(Exercise objective) Set down the material exactly. Keep every line.

(Source data)
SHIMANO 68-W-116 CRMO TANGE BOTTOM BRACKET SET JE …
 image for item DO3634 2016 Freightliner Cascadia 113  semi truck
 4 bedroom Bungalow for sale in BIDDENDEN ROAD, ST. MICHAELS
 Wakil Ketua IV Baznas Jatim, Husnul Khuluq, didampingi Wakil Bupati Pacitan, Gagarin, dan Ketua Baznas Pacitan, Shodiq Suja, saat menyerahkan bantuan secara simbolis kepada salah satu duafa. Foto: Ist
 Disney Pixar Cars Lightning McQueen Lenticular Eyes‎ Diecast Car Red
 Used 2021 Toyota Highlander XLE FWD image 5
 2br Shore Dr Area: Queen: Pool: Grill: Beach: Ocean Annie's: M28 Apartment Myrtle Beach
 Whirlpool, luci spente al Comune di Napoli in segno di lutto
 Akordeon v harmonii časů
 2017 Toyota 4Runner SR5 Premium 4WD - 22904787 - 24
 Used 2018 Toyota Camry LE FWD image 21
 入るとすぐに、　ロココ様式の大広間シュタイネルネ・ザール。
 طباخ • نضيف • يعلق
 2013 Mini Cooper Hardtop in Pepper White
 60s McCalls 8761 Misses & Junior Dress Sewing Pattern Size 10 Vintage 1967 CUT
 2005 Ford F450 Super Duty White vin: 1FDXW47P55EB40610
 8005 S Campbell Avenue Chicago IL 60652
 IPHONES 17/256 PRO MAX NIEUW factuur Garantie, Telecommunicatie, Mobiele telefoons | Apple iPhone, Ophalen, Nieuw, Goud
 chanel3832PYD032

(Answer below)
SHIMANO 68-W-116 CRMO TANGE BOTTOM BRACKET SET JE …
 image for item DO3634 2016 Freightliner Cascadia 113  semi truck
 4 bedroom Bungalow for sale in BIDDENDEN ROAD, ST. MICHAELS
 Wakil Ketua IV Baznas Jatim, Husnul Khuluq, didampingi Wakil Bupati Pacitan, Gagarin, dan Ketua Baznas Pacitan, Shodiq Suja, saat menyerahkan bantuan secara simbolis kepada salah satu duafa. Foto: Ist
 Disney Pixar Cars Lightning McQueen Lenticular Eyes‎ Diecast Car Red
 Used 2021 Toyota Highlander XLE FWD image 5
 2br Shore Dr Area: Queen: Pool: Grill: Beach: Ocean Annie's: M28 Apartment Myrtle Beach
 Whirlpool, luci spente al Comune di Napoli in segno di lutto
 Akordeon v harmonii časů
 2017 Toyota 4Runner SR5 Premium 4WD - 22904787 - 24
 Used 2018 Toyota Camry LE FWD image 21
 入るとすぐに、　ロココ様式の大広間シュタイネルネ・ザール。
 طباخ • نضيف • يعلق
 2013 Mini Cooper Hardtop in Pepper White
 60s McCalls 8761 Misses & Junior Dress Sewing Pattern Size 10 Vintage 1967 CUT
 2005 Ford F450 Super Duty White vin: 1FDXW47P55EB40610
 8005 S Campbell Avenue Chicago IL 60652
 IPHONES 17/256 PRO MAX NIEUW factuur Garantie, Telecommunicatie, Mobiele telefoons | Apple iPhone, Ophalen, Nieuw, Goud
 chanel3832PYD032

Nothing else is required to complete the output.